Funny you should mention durability. Our need for perceived durability was also discussed in the film I watched last night. Marc Newsom mentioned that we could all easily still be using the cell phone we had 5 years ago, but in those 5 years, most of us have had 5 or more different cell phones. And it's not because they wear out, it's because we always want the newest thing, partly because that's our nature, and partly because we've been trained to want the newest things, by way of marketing, media, and society as a whole.
Also in the film, Karim Rashid and others made some interesting points about the sustainability of manufacturing products, in particular electronics. He opined that his next computer should be made of cardboard. Electronics are discarded long before they're dead, so why build them to last a lifetime?
20 years ago if you bought a $500 SLR camera, you were careful with it. If you dropped it, it broke, period. And if you dropped it and broke, it wasn't a flaw in the camera, it was just your stupid clumsiness. But today, our $500 electronics are not allowed to be fragile. We demand that they be able to be thrown at a wall in a rage, or carelessly dropped, and they're expected to perform flawlessly and without sustaining a scratch. To me, this is more about people becoming more spoiled rotten and inconsiderate than it is about the actual need for more durable products.
Interesting thread. I am seeking out the movie and will watch it... it sounds interesting.
As for the iP4, it is the first iPhone I've owned. My wife has the 3GS. She has hers in a case, which adds some bulk, but to me it feels plastic-y. I like the dense feel of the 4 (I use only a bumper).
To the durability of devices, my first cell phone was an LG something or other with a color inside
and outside screen. It had a camera so you could have picture ID... seriously, it was the **** in 2002. I had it in the side pocket of my carpenter jeans one night getting in to a wooden booth at a BBQ restaurant and I leaned on it on one of the screw covers of the bench that was raised up and cracked the outside screen. The outside still worked, but the inside screen must've had more damage because it was just white. The phone still functioned, as in I could dial and call, but couldn't see any of my contacts or anything.
Before I get "cool story bro"'d the point is I have been much more careful with all of my devices since that point. I've noticed that people with cracked screens of iPhones or otherwise seem to be high on the douchbaggery scale to me, and regardless of the durability of their device, they would have damaged it somehow. Unfortunately, even the best designers in the world can't "common sense" proof a phone.
Now, you could hand me the least durable phone in the world, and if it is operational, and save for a total freak accident, I'm going to take care of it. Especially since I pay hundreds of dollars for it.
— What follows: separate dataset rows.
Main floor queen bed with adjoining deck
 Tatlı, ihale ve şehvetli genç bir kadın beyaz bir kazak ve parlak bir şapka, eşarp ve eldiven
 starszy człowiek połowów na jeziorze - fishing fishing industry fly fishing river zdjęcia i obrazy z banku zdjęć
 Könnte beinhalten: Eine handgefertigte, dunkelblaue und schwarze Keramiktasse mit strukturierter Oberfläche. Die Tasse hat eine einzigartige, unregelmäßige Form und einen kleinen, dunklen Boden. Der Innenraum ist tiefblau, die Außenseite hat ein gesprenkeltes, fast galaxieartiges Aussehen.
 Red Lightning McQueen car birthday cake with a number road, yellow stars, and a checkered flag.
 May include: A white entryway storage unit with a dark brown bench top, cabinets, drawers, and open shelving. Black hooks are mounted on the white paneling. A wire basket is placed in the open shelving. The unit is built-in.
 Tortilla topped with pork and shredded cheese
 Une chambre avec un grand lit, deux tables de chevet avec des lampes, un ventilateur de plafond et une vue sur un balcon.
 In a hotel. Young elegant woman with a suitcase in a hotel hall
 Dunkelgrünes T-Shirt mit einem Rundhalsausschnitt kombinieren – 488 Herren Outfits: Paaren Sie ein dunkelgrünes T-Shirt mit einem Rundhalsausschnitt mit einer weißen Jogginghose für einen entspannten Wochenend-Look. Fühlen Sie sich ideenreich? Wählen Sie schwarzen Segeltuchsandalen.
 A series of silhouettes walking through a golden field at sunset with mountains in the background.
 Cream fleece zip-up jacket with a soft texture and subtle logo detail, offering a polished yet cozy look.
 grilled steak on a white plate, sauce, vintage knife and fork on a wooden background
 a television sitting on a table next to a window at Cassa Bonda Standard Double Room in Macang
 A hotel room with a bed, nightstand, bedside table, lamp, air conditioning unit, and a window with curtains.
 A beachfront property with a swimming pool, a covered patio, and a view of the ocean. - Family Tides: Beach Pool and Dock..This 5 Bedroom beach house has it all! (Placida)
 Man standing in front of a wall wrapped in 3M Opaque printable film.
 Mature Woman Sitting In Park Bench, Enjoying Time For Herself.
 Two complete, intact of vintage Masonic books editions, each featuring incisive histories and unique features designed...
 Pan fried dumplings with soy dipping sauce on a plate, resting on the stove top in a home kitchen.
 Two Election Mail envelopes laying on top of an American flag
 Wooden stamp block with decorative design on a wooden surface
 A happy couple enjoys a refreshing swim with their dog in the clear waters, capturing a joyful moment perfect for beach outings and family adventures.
To your point about phones wearing out... I had a Samsung something or other, the one that you could flip the phone open in portrait and also in landscape, and the keys were oriented in two directions (the updated model has LCD keys that change depending on position) and the zero button quit working. I had the ROKR and RAZR back in the day, and they both had keys that became dysfunctional. So in 5 years, I've had 4 or 5 phones, and a couple have worn out. The others I swapped because they sucked, or I just wanted the new thing.
I don't plan on switching to the iP5, especially if it is just a 4GS (for lack of a better term).